2013-07-10 19:35:42 | 日記
 (1)13年版防衛白書(defense white paper)が発表された。年末には参院選の結果を受けて防衛計画大綱を策定する。
 防衛省幹部が言う「(白書は)事実を客観的に記録するだけ」のものだそうだが、安倍政権の国防軍化、集団自衛権容認に向けての日本を取り巻く国際安全保障環境の厳しさを強調して、防衛力の強化、日米安保、軍事同盟強化の必要性を主張している。

 ジャーナリストの国防には「精強な軍隊を持つのは初歩」という主張に、日本を侵略、戦争をする国があるだろうかと書いたが、防衛白書は北朝鮮の核、ミサイル開発、中国による領海侵入、ロシア軍の活発化と日本を取り巻く安全保障環境の厳しさを説いた。

 (2)中国による尖閣諸島領有権主張による中国軍の同領海侵犯は、当時民主党政権ではあったが当時石原都知事による尖閣諸島の都買い上げ発言に煽(あお)られての唐突な国有化に対する中国側の反発から頻繁にくり返されて外交防衛問題化が顕著になっていた。

 70年代では田中、周首相両首脳間による尖閣問題棚上げ論から東シナ海石油、ガス日中共同プラント事業も展開されて、尖閣諸島は海保庁レベルで日本が現在も実効支配もしている。

 (3)こうした現状は中国の軍事力強化、南シナ、東シナ海軍事進出で変化はもたらしていたが、日本の尖閣諸島「国有化」が東シナ海の緊張(strain)をむやみに加速させたのは間違いないことだ。

 そういう政治、外交の問題点の核心を抜きにして中国ほか国外の軍事脅威論を展開して、自国の防衛軍事力強化をはかろうという目論見がよく見える防衛白書だ。国防軍化や集団的自衛権容認はかっての旧日本軍による植民地支配を受けた近隣アジア諸国の反発、過度の警戒感を与えて国際外交関係にあつれき、極度の緊張を高める効果しかないだろう。尖閣諸島の国有化影響の二の舞を見ることになる。

 (4)日本は沖縄に過度の負担を強いながら平和憲法(戦力不保持、不戦)、個別的自衛権行使、日米安保、軍事同盟による国防政策を基本としており、この基本戦略はすでに国民に定着したものであり普遍的協力関係のあるものだ。

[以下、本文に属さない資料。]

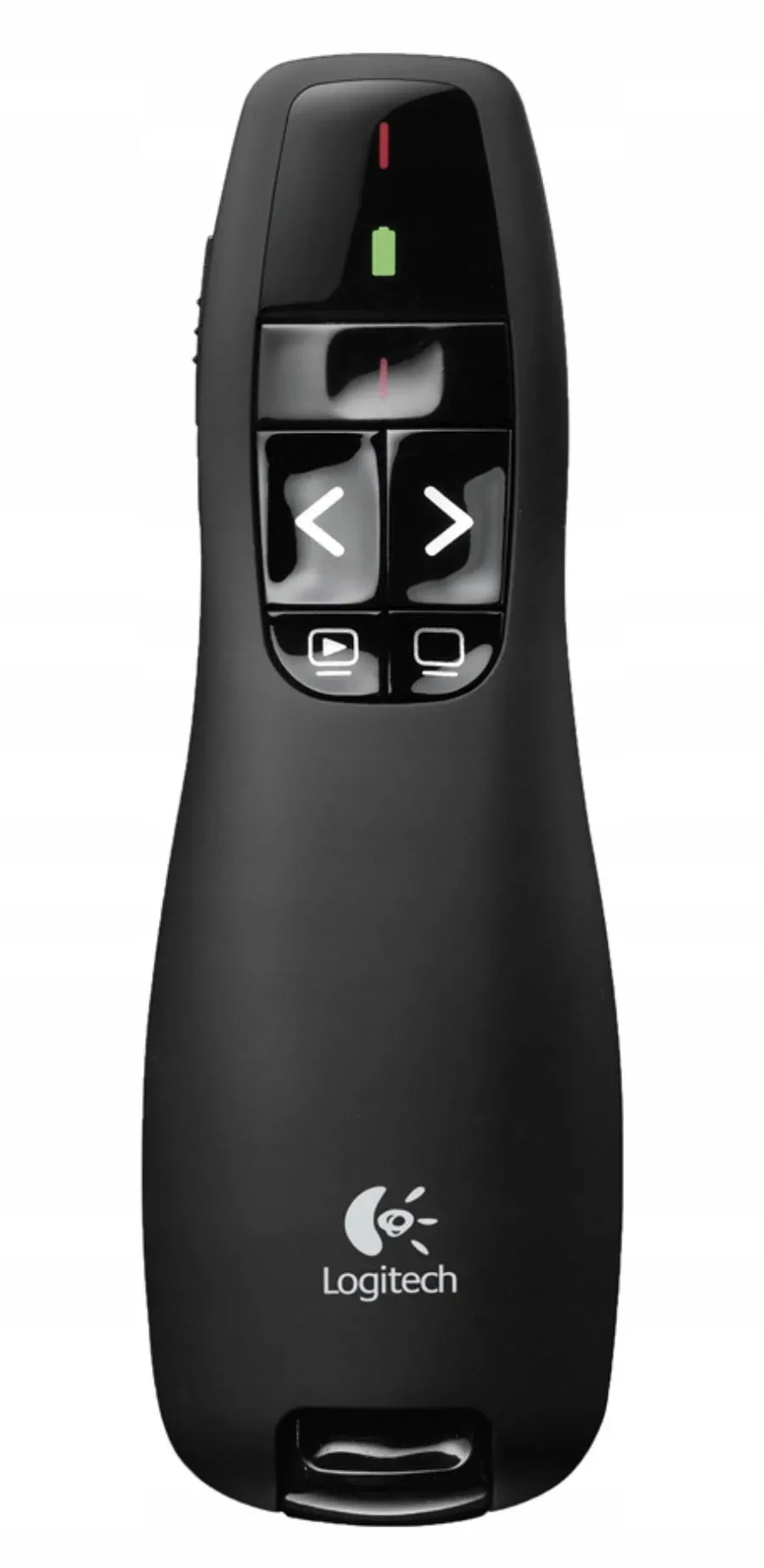 Logitech Black Wireless Laser Presentation Remote - Each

 安倍政権が憲法改正による国防軍化、集団的自衛権の容認に向かうとは、日本の国防理念が専守防衛から防衛ゾーンを米国覇権主義の共同、共益ゾーンの海外に拡大する危険な方針転換として、日本の外交、歴史認識として必要のない政治理論だ。

 (5)日本を侵略し、戦争をする国がもし仮にあるとすれば、こういう米国覇権主義に従わない時の日本に対する「米国」ということになるパラドックス(paradox)だ。侵略、戦争とまではいわなくとも、相当の圧力外交は必至だ。

 そういう意味でも沖縄での米軍基地移設問題は正念場を迎える。やはり安倍政権が目指す国防軍化、集団的自衛権の容認は、国防強化、専守防衛論からは「相矛盾」し、米国覇権主義に取り込まれた攻撃的な危険なものでしかない。
 そうした核心問題が抜けた(ふれない)防衛白書だ。